TRY IT
Write out the lines below once more, exactly as they appear. Do not include pictures.

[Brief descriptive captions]
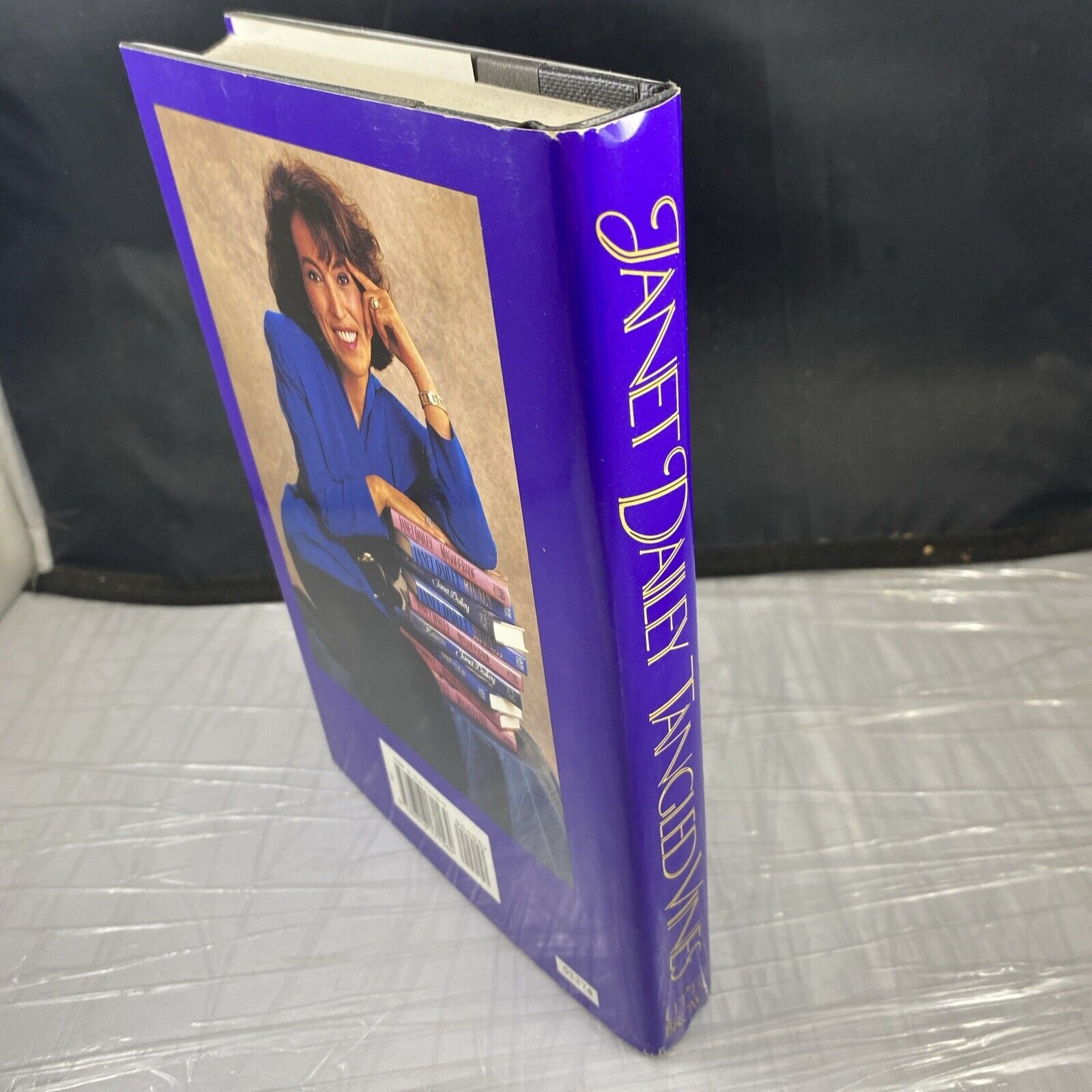 "Tangled Vines"  Hardcover By Janet Dailey 1992 1st Ed VERY GOOD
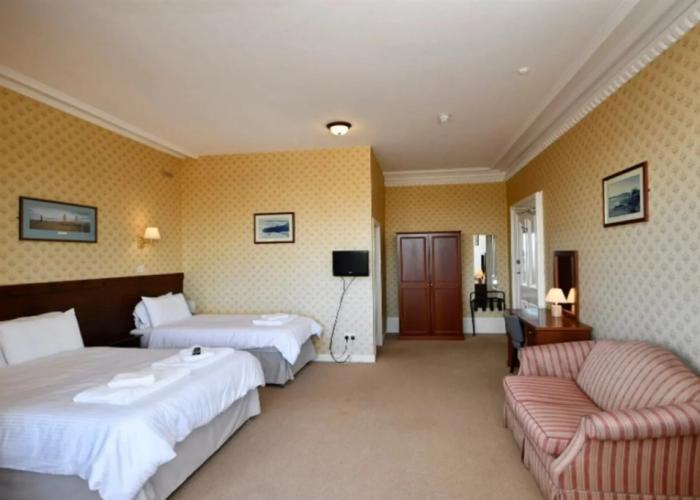 The Stromness Hotel by Paymán Club
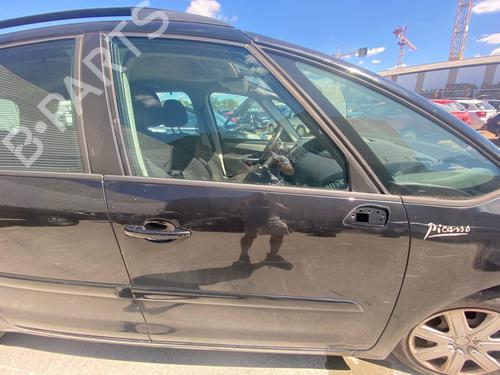 Used Right front door Right front door 37036052 37036052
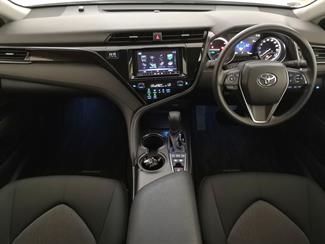 2019 Toyota Camry - Thumbnail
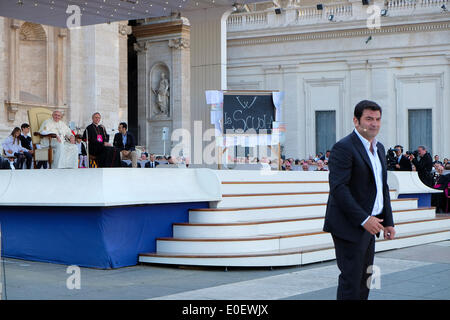 La Place Saint Pierre, le Vatican. 10 mai, 2014. Max Giusti rencontrer le Pape François lors de la réunion avec les écoles catholiques de l'Italie sur la place Saint-Pierre. Credit : Realy Easy Star/Alamy Live News Banque D'Images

ANSWER TO THIS EXERCISE
 "Tangled Vines"  Hardcover By Janet Dailey 1992 1st Ed VERY GOOD
 The Stromness Hotel by Paymán Club
 Used Right front door Right front door 37036052 37036052
 2019 Toyota Camry - Thumbnail
 La Place Saint Pierre, le Vatican. 10 mai, 2014. Max Giusti rencontrer le Pape François lors de la réunion avec les écoles catholiques de l'Italie sur la place Saint-Pierre. Credit : Realy Easy Star/Alamy Live News Banque D'Images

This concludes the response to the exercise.